「目が覚めたかい?」
ぼやけた視界の向こう側から津村さんの声がする。目を開けるのが苦しい。脳が起きるのを拒否しているみたいだ。
「夕暮れの中で君は意識を失ったんだ。きっと夕暮れの毒気にあてられたんだ。でもそんなにひどくはないみたいだね」
「夕暮れの毒気、ですか」
ゆうぐれのどくけ。
不思議だ。夕暮れの中心で感じた吸い込まれるような恐さに、今ではなんだか親しみを感じている。ああいう冷たさが、あの夕暮れのなかにあったなんて――。
「それより、もう遅いから帰ったほうがいいよ。ほら」
時計の針は九時を回ったところだった。津村さんの言う通り私は帰ることにする。
「今日はほんとうにすいませんでした」
「気にしないで。また落ち着いたらいつでも声をかけてよ。いつでも夕暮れに連れてくから」
帰り道というのは、基本的に寒いものだと思う。春夏秋冬に関わらず、夜の帰り道は、寒いのだ。

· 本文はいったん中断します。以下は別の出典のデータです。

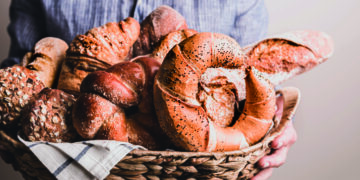 Korb mit Gebäck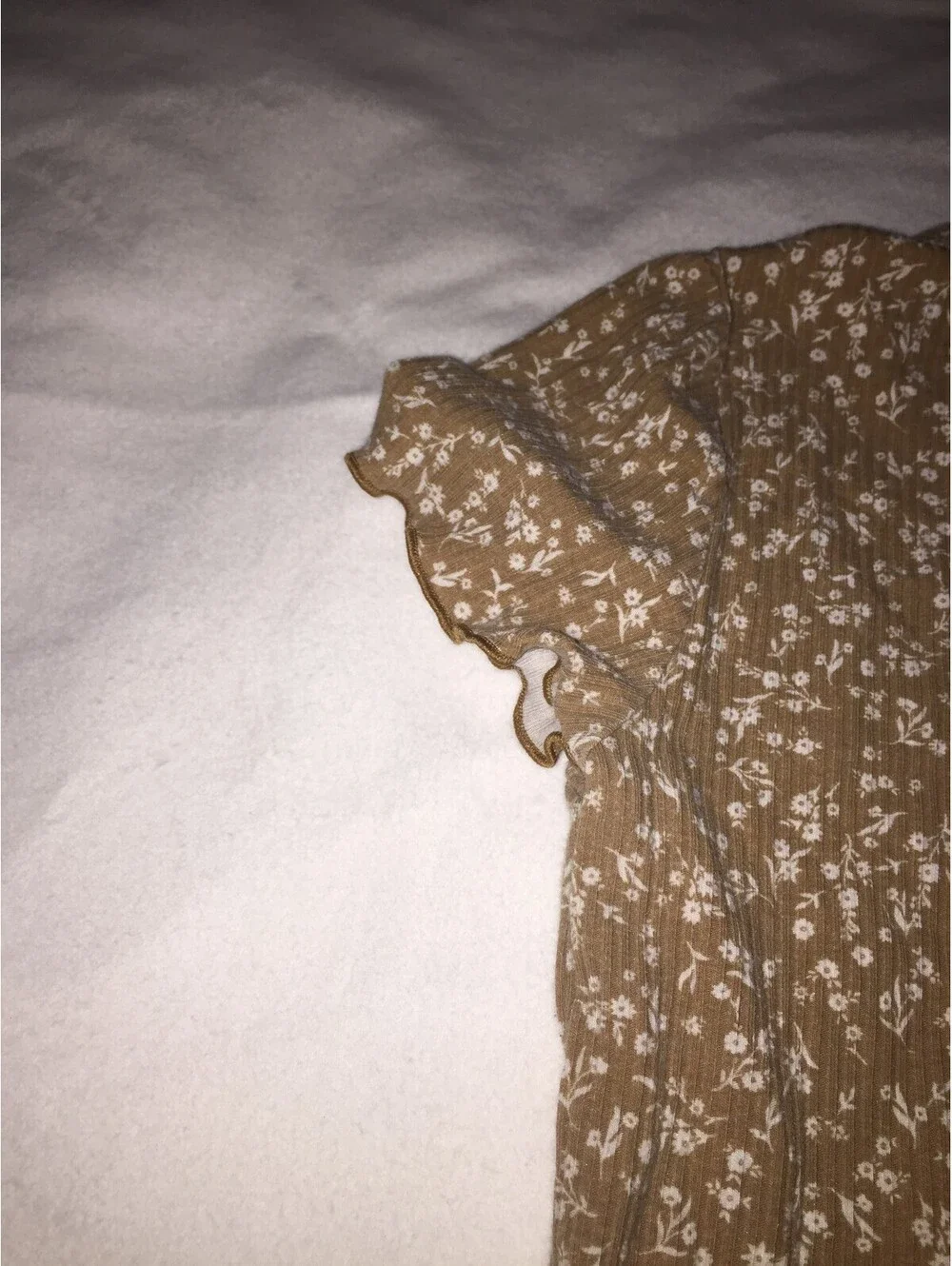 Old Navy girls brown with white flowers top ruffled hems Large neutral ditsy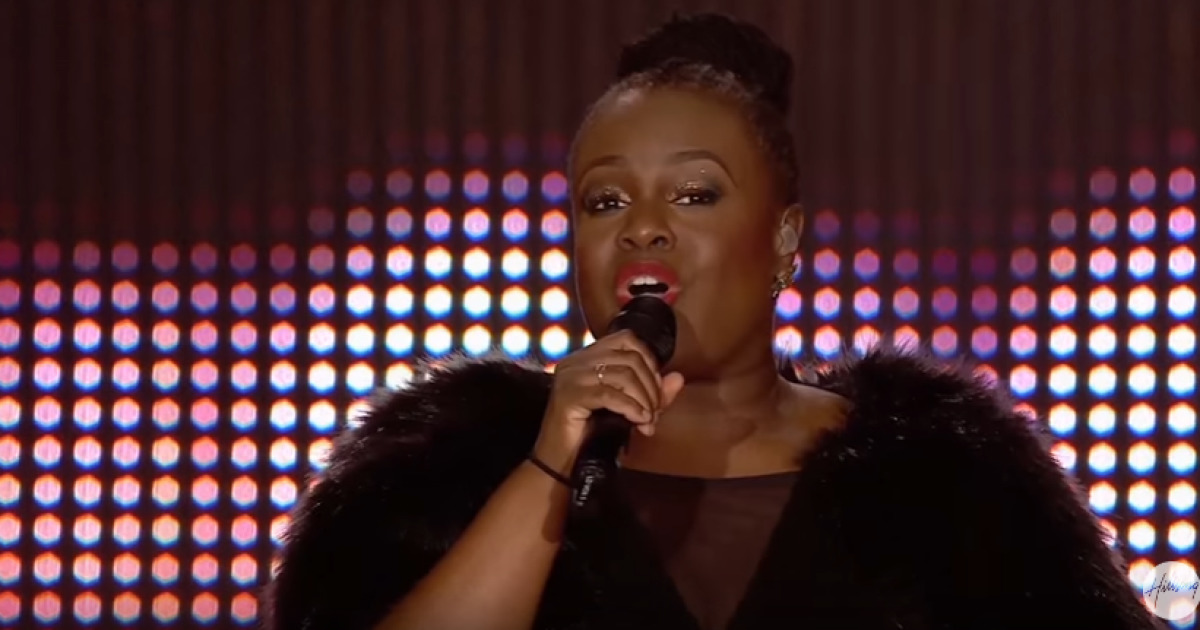 Oh holy night - Hillsong - EMCI TV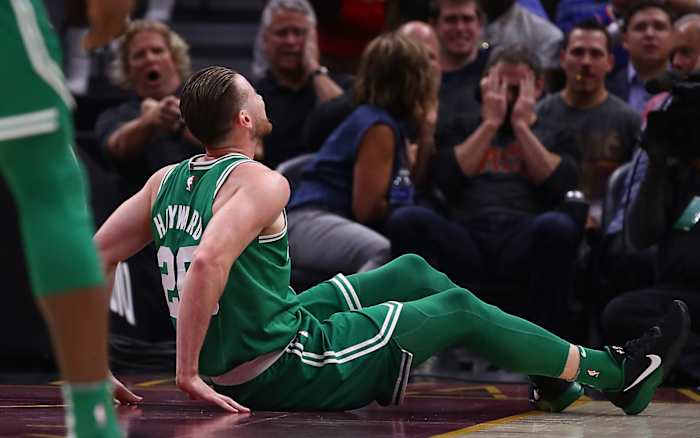 gordon-hayward-injury-celtics.jpg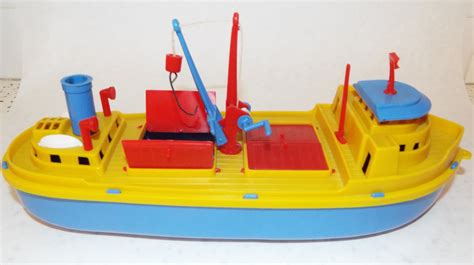 vintage plastic toy boat no markings looks like m
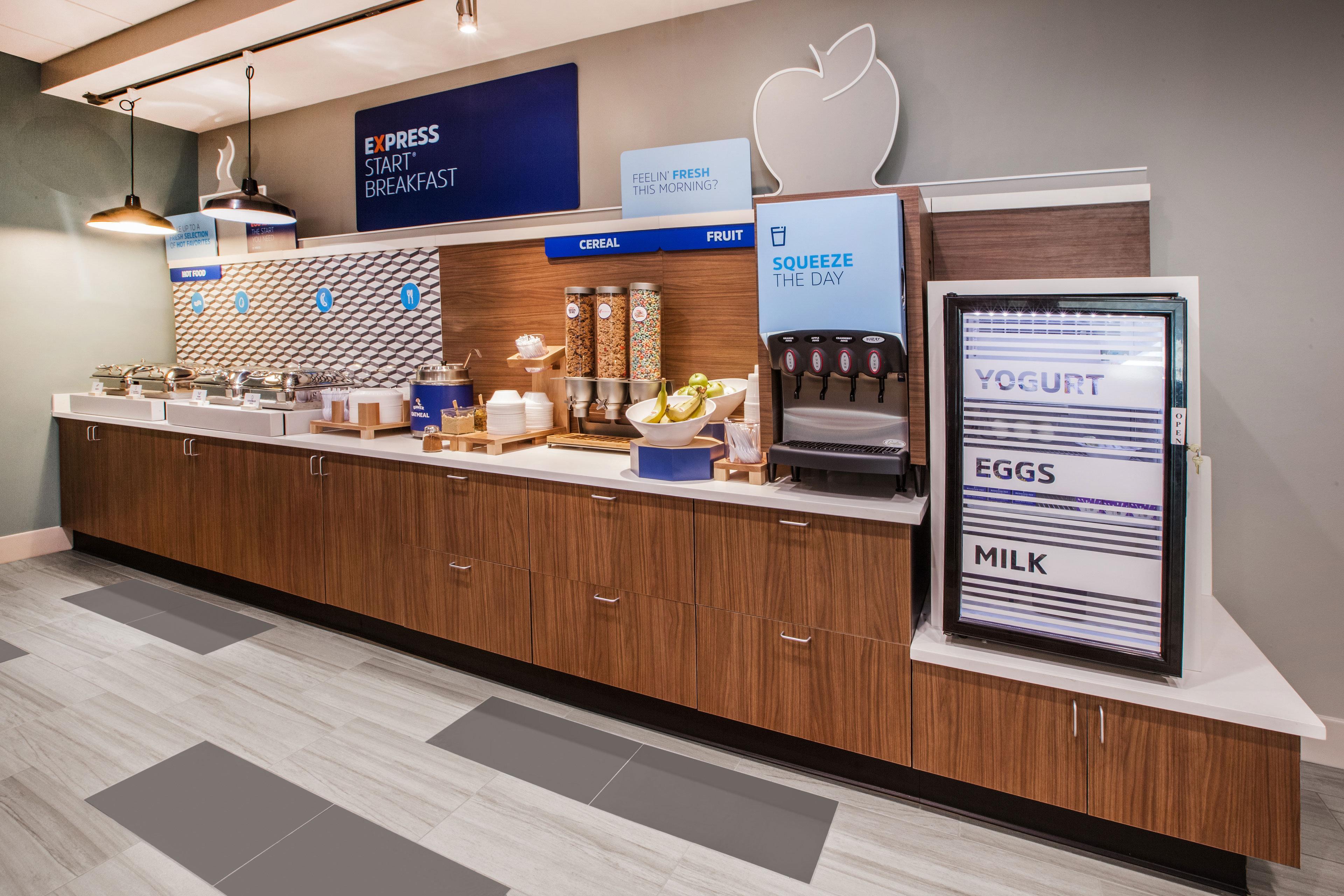 Holiday Inn Express Hotel & Suites Fredericksburg By Ihg Bagian luar foto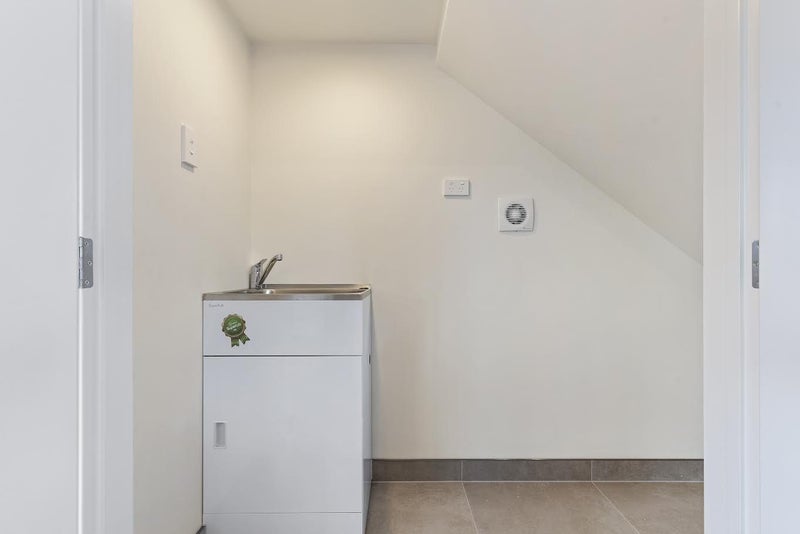5A Claymore Street, Manurewa, Manukau City, Auckland - Carousel 14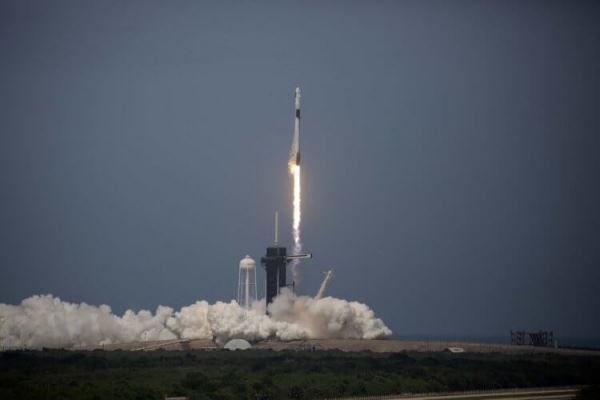 SpaceX запустила корабль Crew Dragon и совершила успешную стыковку с МКС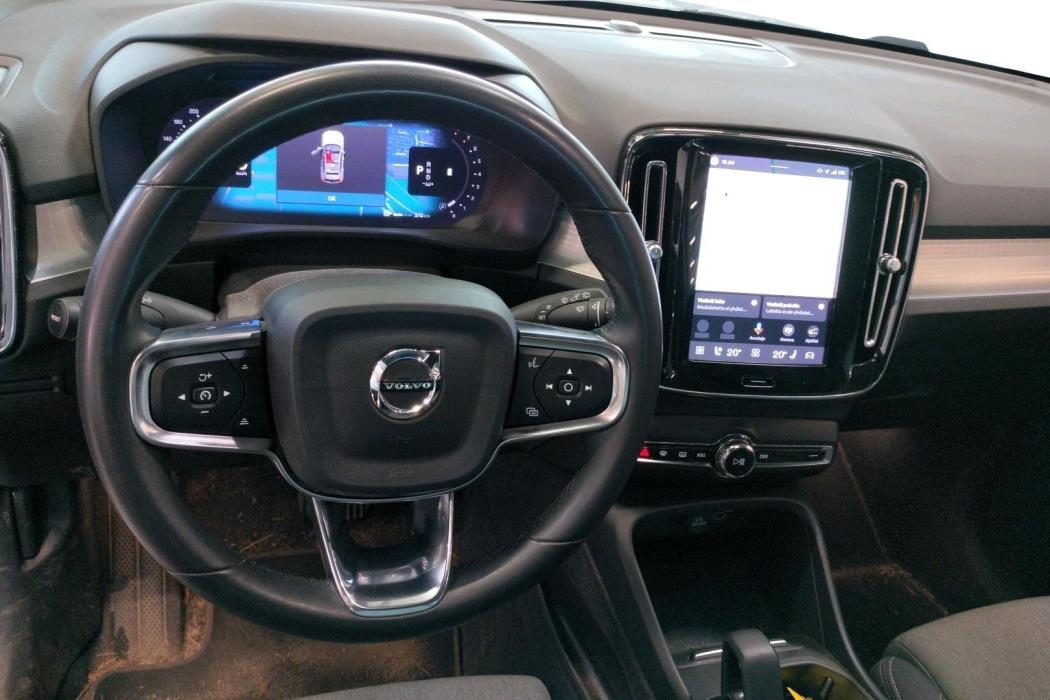 VOLVO XC40 2023
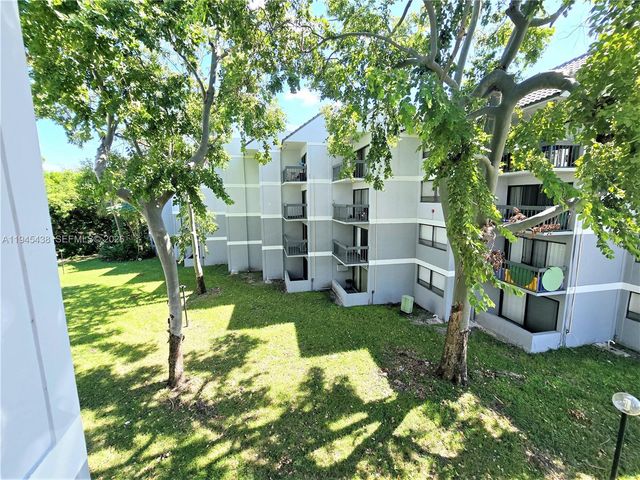 1850 N Congress Ave 311, West Palm Beach, FL 33401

スカートの下から入り込んでくる風は冷たい。夕暮れとは対照的な冷たさ。冷たさにもたくさんの種類があることを知った。
夜の帰り道はとても哀しい。夕暮れの毒気がまだ頭に残っているのか、少しぼうっとする頭をなんとか正気に戻して歩く。
よるのかえりみちは、とっても、かなしい。